EXERCISE INSTRUCTIONS
In the listing, locate the line containing "Victorian beautiful woman, white", then quote it and all following lines exactly. Omit pictures.
++++++
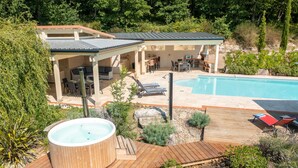 Un giardino sul retro con idromassaggio, piscina e patio coperto con mobili da esterno.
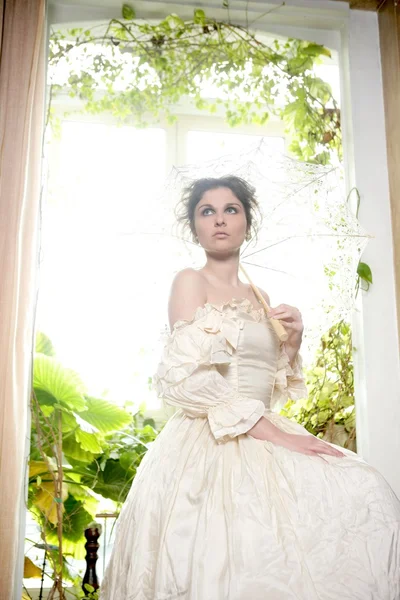 Victorian beautiful woman, white dress at home — Stock Photo, Image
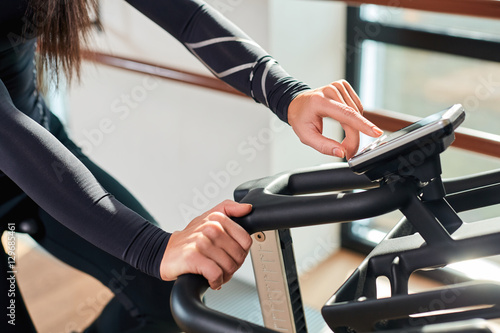 Woman hands on a bar stationary bike the gym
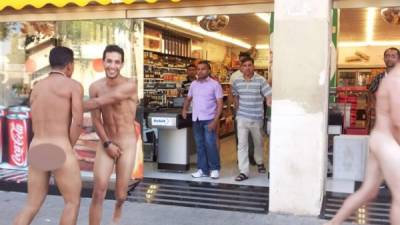 Un grupo de turistas italianos, desnudos, saliendo de un supermercado- (VICENS FORNER)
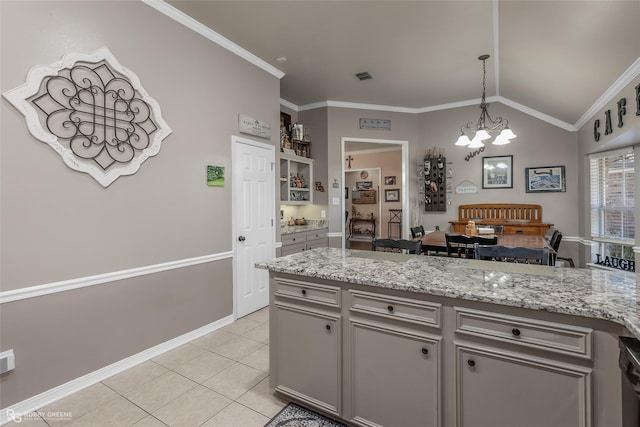 kitchen featuring pendant lighting, crown molding, vaulted ceiling, light tile patterned floors, and a notable chandelier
++++++
FINISHED EXERCISE
 Victorian beautiful woman, white dress at home — Stock Photo, Image
 Woman hands on a bar stationary bike the gym
 Un grupo de turistas italianos, desnudos, saliendo de un supermercado- (VICENS FORNER)
 kitchen featuring pendant lighting, crown molding, vaulted ceiling, light tile patterned floors, and a notable chandelier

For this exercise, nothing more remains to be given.